Rankin: I made a couple of films in Winnipeg where I worked a little bit on that. There’s a filmmaker I really love who now lives in Halifax named Solomon Nagler. He made three of my favourite Winnipeg films, Fugue Nefesh (2007), The Sex of Self-Hatred (2004), and perhaps/We (2003). He was really enthusiastic and excited about the materiality of film, and he taught some workshops that Mike Maryniuk and I took. We did some hand-processing in Cattle Call and Hydro-Lévesque and again it was one of those situations where you try it and it’s interesting and exciting and it leads you to other stuff. With Mynarski and Tesla, what I learned doing the earlier films became much, much more advanced. That also emerged out of my total rejection of digital. I shot Tabula Rasa on digital and I feel like it’s one of the biggest mistakes I ever made. That film would’ve been much closer to what I wanted it to be if I shot it on 8mm or 16mm. I feel that something about the grandiose, Spielbergian detail of digital is dissonant with the kind of images I like to make. So yes, Mynarski and Tesla are very, very fiercely film-based. Interestingly, we live in such a digital autocracy now that people think whatever’s on film is just digital, anyway. When I showed Mynarski at Sundance, the first question was, “What plug-in did you use to make all that detritus?” We just sort of assume that everything is computer-generated. But I really like the practice of working on film.

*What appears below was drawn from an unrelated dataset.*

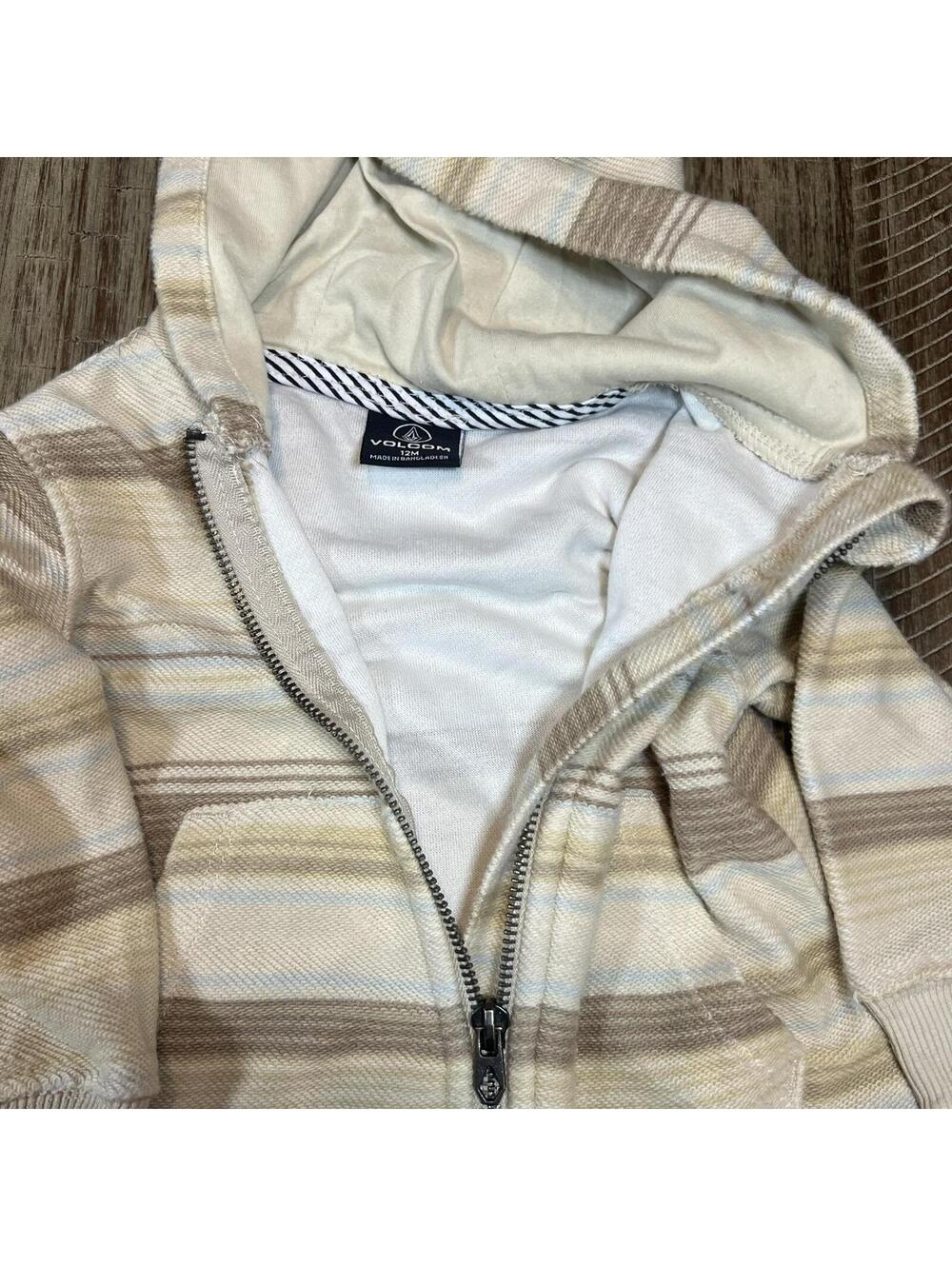 Baby Boy Volcom 3 Piece matching outfit - 12 M - Picture 8 of 9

I find it to be very introspective and contemplative.
Scope: It’s certainly a very mindful exercise until you start thinking about what all the chemicals may be doing to you, like the aniline dyes that Stan Brakhage blamed for his cancer.
Rankin: That’s true. I think I used four litres of bleach on the film for Mynarski. I killed a plant in the process of making that movie. I had this plant next to my desk and I was splashing bleach around all day and at a certain point, I looked over and the plant was dying in the creepiest way you can imagine. It had this crystalline, dead, Chernobyl-type stoop to it—it was really terrifying. Then, in Tesla, I think I burned 15,000 sparklers. In the scene with the bird, it’s all sparklers in long exposures. Those are actually really toxic, too. You do one and it’s not a big deal, but if you do thousands of them over the course of several weeks, it can’t be good for you. They probably have asbestos in them or something.